---- Raw data

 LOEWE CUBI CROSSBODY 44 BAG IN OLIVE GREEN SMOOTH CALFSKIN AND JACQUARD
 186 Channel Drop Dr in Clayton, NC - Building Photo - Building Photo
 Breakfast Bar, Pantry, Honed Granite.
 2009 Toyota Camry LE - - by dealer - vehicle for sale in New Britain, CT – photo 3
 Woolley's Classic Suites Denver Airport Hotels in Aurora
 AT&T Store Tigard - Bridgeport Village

--------
---- Raw data

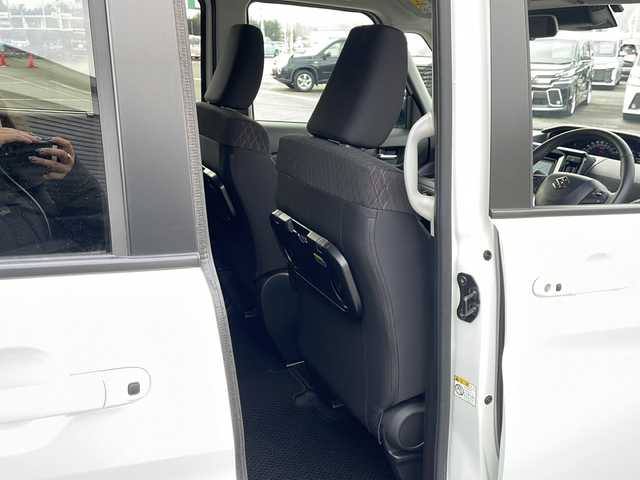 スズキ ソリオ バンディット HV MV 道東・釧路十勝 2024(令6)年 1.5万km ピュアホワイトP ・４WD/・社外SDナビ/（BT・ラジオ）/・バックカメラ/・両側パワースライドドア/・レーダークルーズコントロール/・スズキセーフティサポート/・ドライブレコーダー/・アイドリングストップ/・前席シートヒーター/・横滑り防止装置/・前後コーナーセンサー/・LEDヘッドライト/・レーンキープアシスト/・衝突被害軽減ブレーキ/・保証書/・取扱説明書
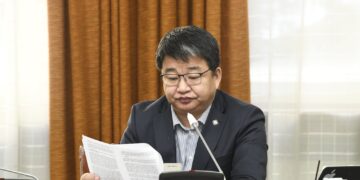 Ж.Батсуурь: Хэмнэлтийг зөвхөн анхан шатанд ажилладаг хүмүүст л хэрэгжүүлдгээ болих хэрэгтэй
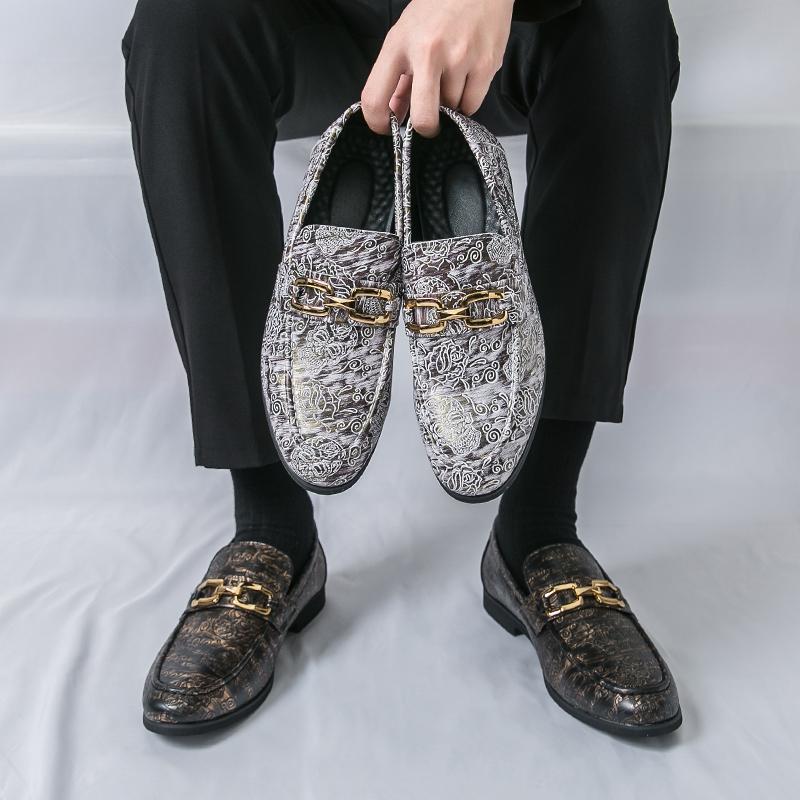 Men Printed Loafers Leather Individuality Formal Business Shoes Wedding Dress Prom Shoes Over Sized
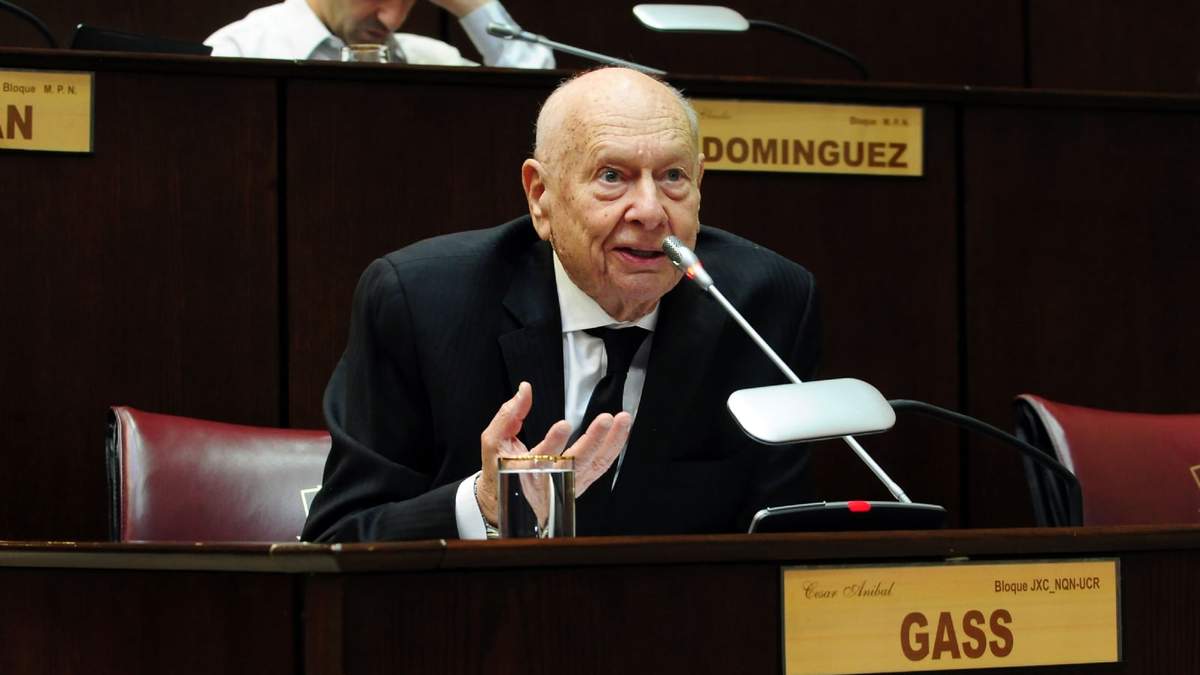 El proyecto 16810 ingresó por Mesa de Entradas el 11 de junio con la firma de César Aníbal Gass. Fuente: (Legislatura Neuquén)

--------
---- Raw data

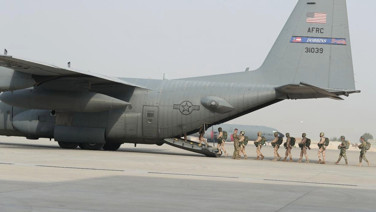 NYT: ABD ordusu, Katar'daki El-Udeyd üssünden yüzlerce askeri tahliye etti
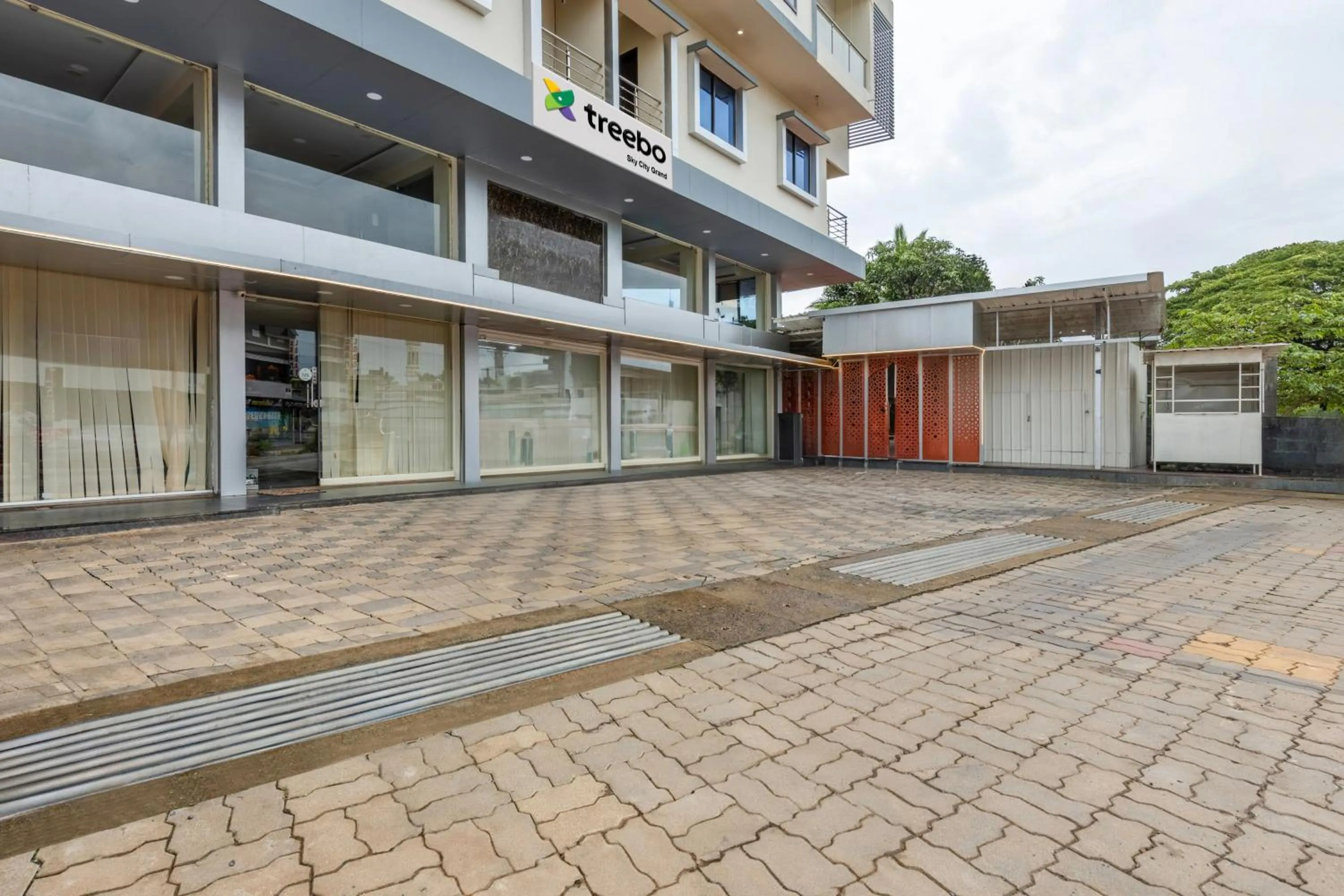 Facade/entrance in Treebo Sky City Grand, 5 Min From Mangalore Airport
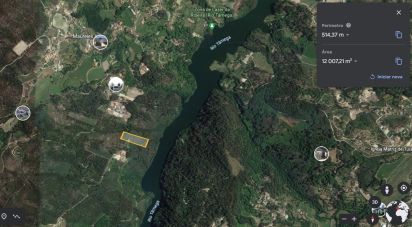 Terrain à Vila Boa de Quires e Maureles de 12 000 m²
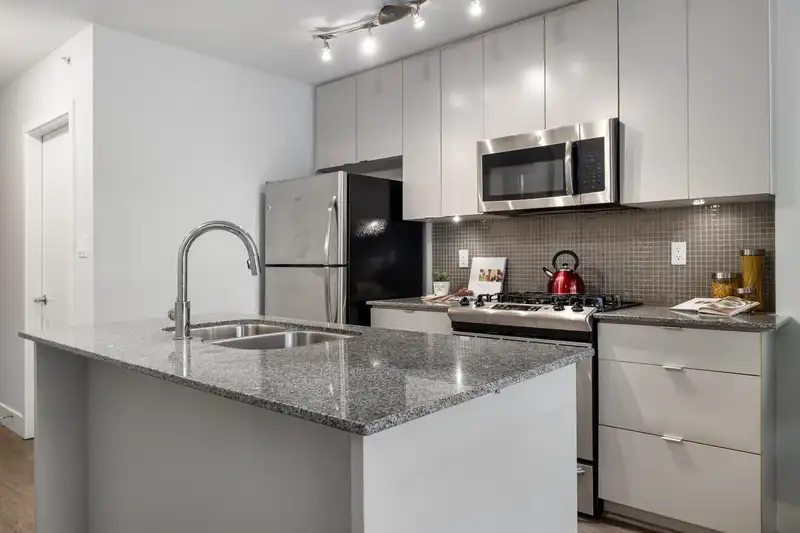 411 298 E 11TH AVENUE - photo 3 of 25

--------

→ **What you are asked to do**
Using the data above, reproduce exactly the lines between those holding "LOEWE CUBI CROSSBODY" and "AT&T Store Tigard - Bridgeport Village", inclusive, and no others.

→ **Output for this task**
 LOEWE CUBI CROSSBODY 44 BAG IN OLIVE GREEN SMOOTH CALFSKIN AND JACQUARD
 186 Channel Drop Dr in Clayton, NC - Building Photo - Building Photo
 Breakfast Bar, Pantry, Honed Granite.
 2009 Toyota Camry LE - - by dealer - vehicle for sale in New Britain, CT – photo 3
 Woolley's Classic Suites Denver Airport Hotels in Aurora
 AT&T Store Tigard - Bridgeport Village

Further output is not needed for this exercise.